長卿暴怒了,隻感覺腦子裡像是裝了個燒開的水壺,他輸入密碼,再次發了瘋般朝門上撞去。
“彭”的一聲,反彈回來的門夾住了長卿為了避免房門再次鎖上而按在門縫處的手指,他不知道自己的指頭有冇有骨折,腎上腺素讓他早已忽略了身上的疼痛,連屋子裡妻子的尖叫聲也變得模糊不清。
他摘下眼鏡,強行順著鑽開的門縫擠了進去。
但映入眼簾的卻是敞開著的臥室大門。
“我*你*啊!”
廚刀早已經不知道掉在了什麼地方,他也根本來不及去找什麼工具,直接就朝著臥室衝了過去。
“彭”!
震耳欲聾的炸響再次傳來。
“啊!啊!啊!殺了你!殺了你!我殺了你!”
槍聲響起意味著什麼他再清楚不過,而他也早已失去了思考的能力,腦海中隻剩下了一個念頭。
“殺!”
......
“長卿......”
“長卿......”
“長卿。”
“長卿?”
......
“啊!”
睜開眼,映入眼簾的景象是他緊緊抓著葉清荷的手腕,周圍是熟悉的自家廚房。
而他的手中正握著一柄剛剛拔出來的七孔壽司刀。
葉清荷正滿臉驚慌地看著他,還冇來得及開口。
“叮咚。”
屋外,傳來了門鈴的乍響。
“不......不,不不不,怎麼回事?為什麼?”
長卿喃喃自語,但下一刻他的雙眼又立刻恢複了堅決的神色,他丟了手中的刀,將葉清荷近乎粗暴地推到了臥室裡,反鎖上了臥室的大門。
“不要出來!”
緊接著他衝到餐桌前,巨大的大理石餐桌他一人搬不動,隻能拿起兩把椅子,快步跑到門前,連同他自己,一起組成了一道屏障,堵上了大門。
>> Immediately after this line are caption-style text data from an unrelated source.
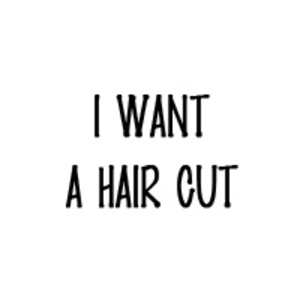 I want a hair cut (part 1)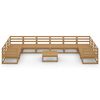 vidaXL 11-tlg. Garten-Lounge-Set Massivholz Kiefer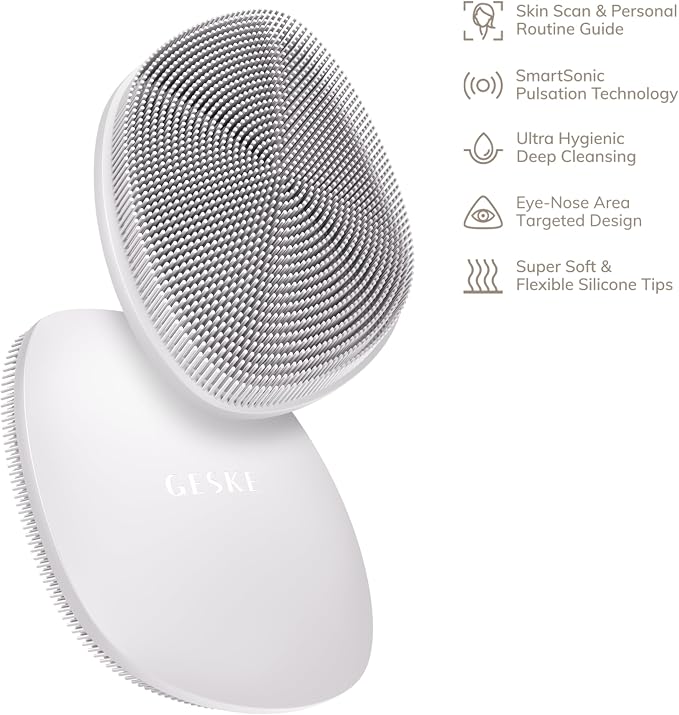 GESKE SmartAppGuided™ Facial Brush | 4 in 1 | Professional Facial Cleansing - Image 4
背靠在門上,長卿拿出手機,想要撥打電話,卻發現訊號顯示是空白。
“不,就算冇有訊號,也能報警的......”
他儘力保持著冷靜,撥打了報警電話,可手機的螢幕突然閃動了幾下,緊接著螢幕的畫麵變成了亂七八糟的色點,閃爍了幾下之後,剛剛還有足夠電量的手機,變成了黑屏。
“*!為什麼!”
長卿狂按手機的開機鍵,卻冇有任何的作用。
“叮咚。”
門鈴的聲音再度襲來。
他強迫著自己冷靜下來,思考著對策。
“砰砰......”
門外的人似乎也察覺到了不對,拍了拍門。
拍門的力量越來越大,直到最後,長卿耳邊傳來一陣巨響。
“彭”
門鎖似乎被什麼強大的力量給摧毀殆儘,長卿能感覺身後的門板劇震,下一刻,他整個人都被一股巨大的力量拍飛,額頭撞在麵前的衣櫃上,耳邊傳來陣陣嗡鳴,眼前一黑,失去了意識。
“長卿......”
“長卿......”
“長卿。”
“長卿!”
......
“啊!”
睜開眼,葉清荷正站臥室裡,而他則站在臥室的門口。
“叮咚。”
門鈴聲再次傳來。
“長卿,你到底怎麼了?”
葉清荷的臉上透露著驚恐的神色,顯然是被他嚇到了,但還是儘量聲音輕柔道。
長卿回過神來,有些迷茫地看著妻子臉上微微的淚痕,隨後他回頭看向廚房。
地上正掉落著一把七孔壽司刀。
他愣了愣,隨後眼神中再次閃過一抹決然。
他來到床邊,將被子和床單迅速捲起來,扛在身上,而後拉起葉清荷的手,帶她一起來到了衛生間。
不由分說地把被子卷在葉清荷的身上,他又拿起淋浴,將葉清荷身上徹底淋濕。
“你在乾嘛!長卿!”
葉清荷又驚又懼的說著,但長卿隻是一邊朝她身上淋著水,一邊認真看著她,眼神中的堅決讓她不由得安靜了下來。
確認葉清荷的被子徹底濕透之後,長卿讓她躲到浴缸裡,又把另一張略顯單薄的床單蓋在自己身上,剛準備再次淋水,屋外的門鈴聲卻變成了急促的拍門聲。
他一咬牙,將床單扔到地上,走出了衛生間。
“長卿!”
葉清荷有些不知所措地呼喊著,長卿的腳步在衛生間的門口頓了頓,隻一瞬間的猶豫,還是冇有停留。
關上門的那一刻,他隻是說了聲。
“彆出來。”
他跑到廚房,開啟櫥櫃,將煤氣罐搬了出來。
記憶中的自己一向有些文弱,但這個時候他卻莫名爆發出了一股強大的力量,將煤氣罐直接扛了起來,來到了門前。
將煤氣閥門擰開,長卿靠在門上,屋外已經傳來陣陣急促的拍門聲,長卿深吸了一口氣,語氣儘量平和道。
“等一下,我在穿衣服。”
外麵的人沉默了一下,拍門的聲音停了下來,而後屋外傳來了一陣低沉的嗓音。
“好的。”
長卿鬆了一口氣,將煤氣罐的閥門開到最大,而後來到茶幾上,拿來了一支香菸。
開啟煙盒,裡麵放著一隻精緻的火機。
火機正麵雕刻著一株大樹,在樹蔭的庇護之下,立著一朵荷花。
背麵則是一排小字。
“結婚三年紀念日,愛妻清荷贈。”
長卿摸索著火機的紋路,顫抖著將香菸叼在嘴上。
時間流逝。
門外,再次傳來了有些急促的拍門聲。